Pinta Pinta was from Western Australia. He was born at Yumari, a place in the Great Sandy Desert. He was probably born sometime in the late 1920s (around 1927 or 1928). Before contact with White society, he lived a nomadic way of life in the desert. In the 1950s, he walked with his family to stay at Haasts Bluff, a government rations outpost. This was his first contact with modern Australian civilisation. His was one of the last groups in the country to come out of the desert.

Pinta Pinta began painting in the mid-1970s, at Papunya. He moved to Kintore after it was founded in 1981. In 1984, Pinta Pinta and his family set up an outstation at Winparrku (Mount Webb), between Kintore and Kiwirrkurra. The family moved here shortly after. In 1988, he had a small part in the movie Evil Angels.

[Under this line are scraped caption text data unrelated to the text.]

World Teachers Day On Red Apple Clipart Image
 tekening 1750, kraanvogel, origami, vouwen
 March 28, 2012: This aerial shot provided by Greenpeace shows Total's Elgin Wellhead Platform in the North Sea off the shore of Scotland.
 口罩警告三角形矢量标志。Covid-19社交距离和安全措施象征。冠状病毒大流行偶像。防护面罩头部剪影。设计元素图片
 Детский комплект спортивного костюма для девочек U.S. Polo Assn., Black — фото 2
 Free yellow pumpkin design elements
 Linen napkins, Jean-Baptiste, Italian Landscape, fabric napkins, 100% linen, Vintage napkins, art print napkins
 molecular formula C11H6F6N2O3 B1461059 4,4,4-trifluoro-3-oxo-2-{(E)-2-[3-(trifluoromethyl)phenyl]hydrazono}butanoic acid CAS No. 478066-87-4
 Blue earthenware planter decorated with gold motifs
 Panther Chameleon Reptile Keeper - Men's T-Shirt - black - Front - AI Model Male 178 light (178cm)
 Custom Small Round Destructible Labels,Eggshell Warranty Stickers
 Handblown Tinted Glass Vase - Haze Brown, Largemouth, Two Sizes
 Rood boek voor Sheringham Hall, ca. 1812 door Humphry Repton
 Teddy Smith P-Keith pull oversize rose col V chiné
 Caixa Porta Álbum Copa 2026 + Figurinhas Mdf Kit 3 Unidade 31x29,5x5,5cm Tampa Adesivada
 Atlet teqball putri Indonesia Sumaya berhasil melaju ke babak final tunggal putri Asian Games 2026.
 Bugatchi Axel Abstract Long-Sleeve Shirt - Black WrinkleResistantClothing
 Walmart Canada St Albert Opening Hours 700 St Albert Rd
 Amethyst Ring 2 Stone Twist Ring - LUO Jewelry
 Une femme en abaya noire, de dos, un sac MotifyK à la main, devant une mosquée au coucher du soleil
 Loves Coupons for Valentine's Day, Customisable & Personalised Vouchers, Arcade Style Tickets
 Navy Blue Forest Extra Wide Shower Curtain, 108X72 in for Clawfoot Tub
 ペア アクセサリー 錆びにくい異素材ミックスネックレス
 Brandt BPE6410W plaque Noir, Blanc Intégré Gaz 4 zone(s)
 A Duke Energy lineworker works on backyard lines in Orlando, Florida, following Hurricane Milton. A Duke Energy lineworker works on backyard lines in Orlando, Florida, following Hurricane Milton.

His paintings mostly stick to black, white and ochre in colour. The most obvious motif seen in them is the circles and lines, which depict dreaming tracks. Some of his works are in the Australian Museum, the National Gallery of Victoria and the Museum and Art Gallery of the Northern Territory.

He had two sons, Matthew (born early 1960s) and Nyilyari (born about 1965). Nyilyari also became a famous artist.